The resulting puddle of goo is now being reconstituted into an actual quarterback in Jacksonville.

I bet you can’t provide me one instance of a quarterback damaged by sitting too long. But we can all come up with 10 who started before they were ready for the chaos and then had to have the damage undone.  

Cue the smooth-brained counter-argument: “SO YOU WANT HIM TO SIT ALL YEAR?!?!?! UNTIL EVERYTHING’S PERFECT??!!!”

No. And stop yelling.

He needs to sit until the team is ready for him. Which is the plan the team had all offseason. Just because Jacoby Brissett’s played worse than imagined and Maye’s been better (a fact Jerod Mayo acknowledged Monday morning), there’s no cause to deviate. In for a dime, in for a dollar.

The Patriots are now in the eye of the storm we all knew would hit. It’s Hurricane Nooline (pronounced “No O-line").

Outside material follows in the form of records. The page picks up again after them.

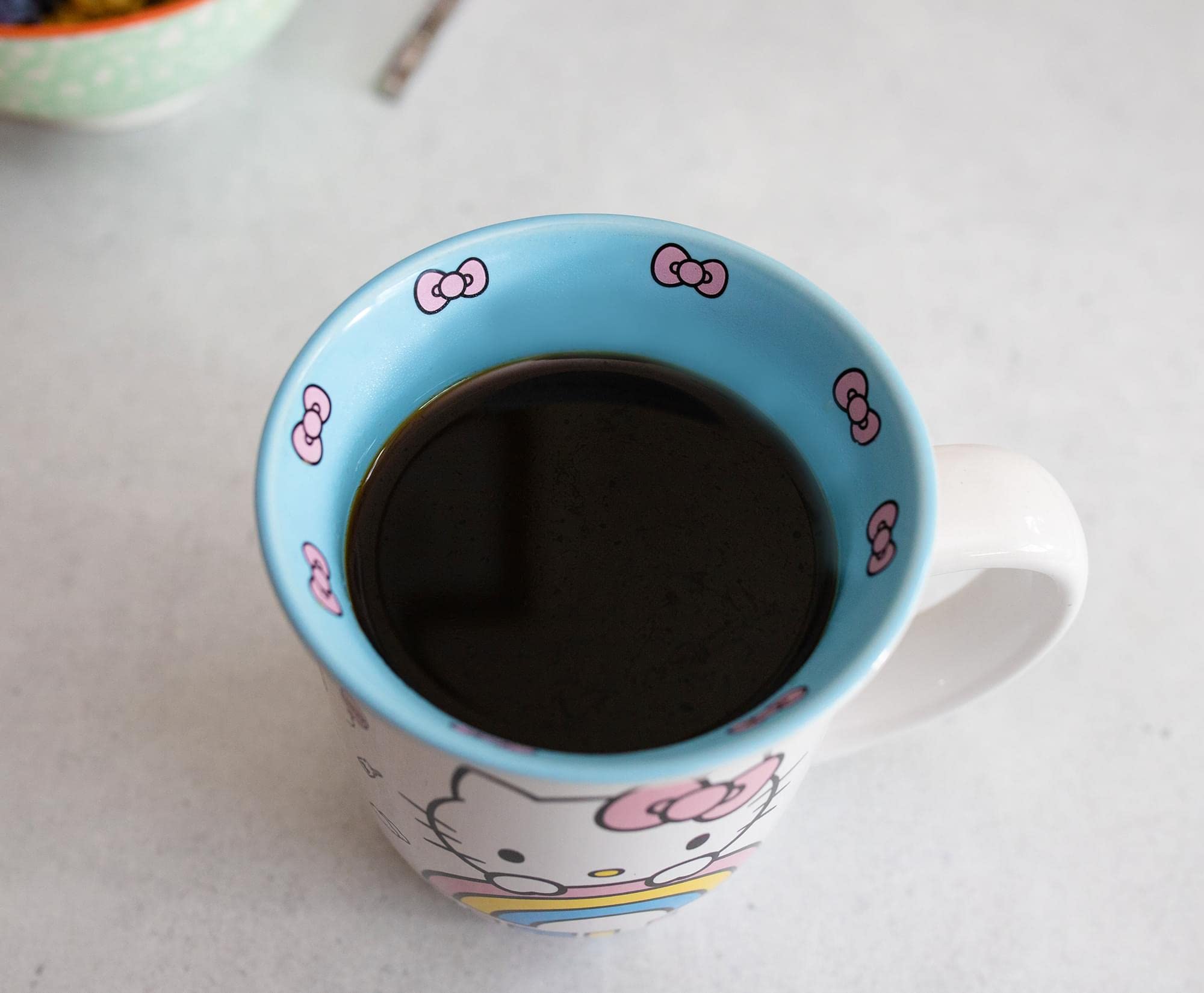 Foto 6 pulgar | Taza De Café Silver Buffalo Sanrio Hello Kitty, 480 Ml, Cerámica - Venta Internacional.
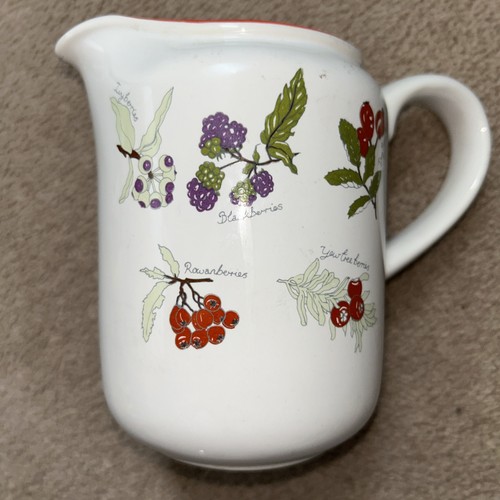 Arthur wood jug - wild, berries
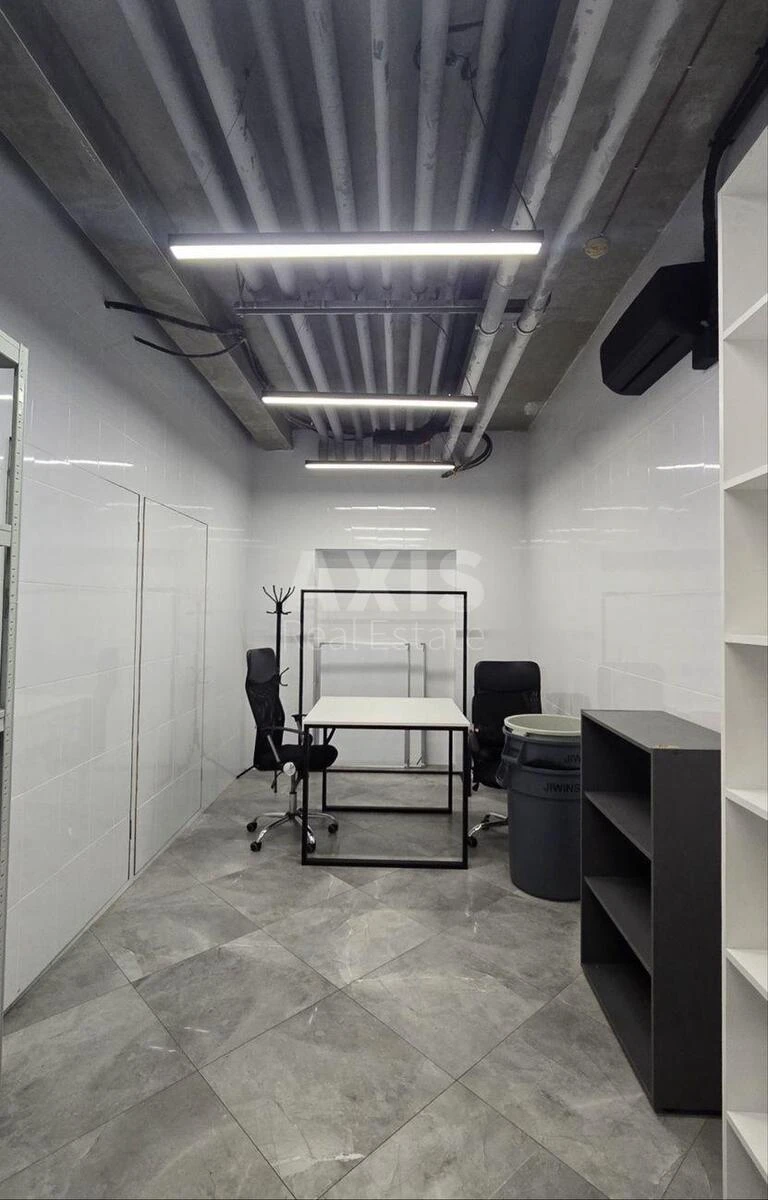Офис ул. Красиловская 9, 700м27175116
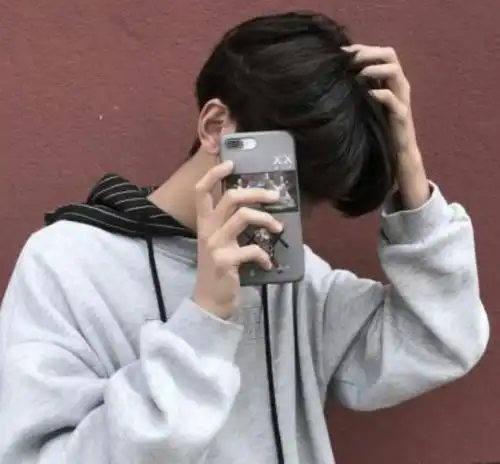 异性聊天时,男人最讨厌这3条信息,高情商女人从来不会说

In February, I went on WEEI to say the team wasn’t ready for a quarterback. It had too many holes. And unless they wanted to choose between sitting him and watching him get battered, they should trade down and build.

I said it again in March on Quick Slants, that the easy thing to do was to take the quarterback and the thing that took guts was, “Admitting your roster situation is so bad you’re not ready to add a quarterback. Telling everybody there’s no Christmas because you have to pay for the electricity and you have to pay for the groceries."

They could have traded down with the Vikings, gotten the 11th and 23rd picks, angled for J.J. McCarthy, taken a first-round offensive lineman, still drafted Ja’Lynn Polk and had two first-round picks for 2025.

That’s the very definition of rebuilding. Instead, the Patriots chose to start with the quarterback and then build out around him.

It’s a very defensible decision. And certainly not the "wrong" decision given Maye’s drastic on-field improvement since April and the fact he seems to have the ideal mental and physical makeup you want for a franchise quarterback.   

You can certainly kick rocks and look back wistfully at the road not taken while still seeing the logic and upside of the road you’re on.

What you can’t do is decide to detour when the hurricane you KNEW was going to hit shows up. To satisfy the need for perpetual outrage, people are now acting like the total ineptitude of the offensive line is a surprise.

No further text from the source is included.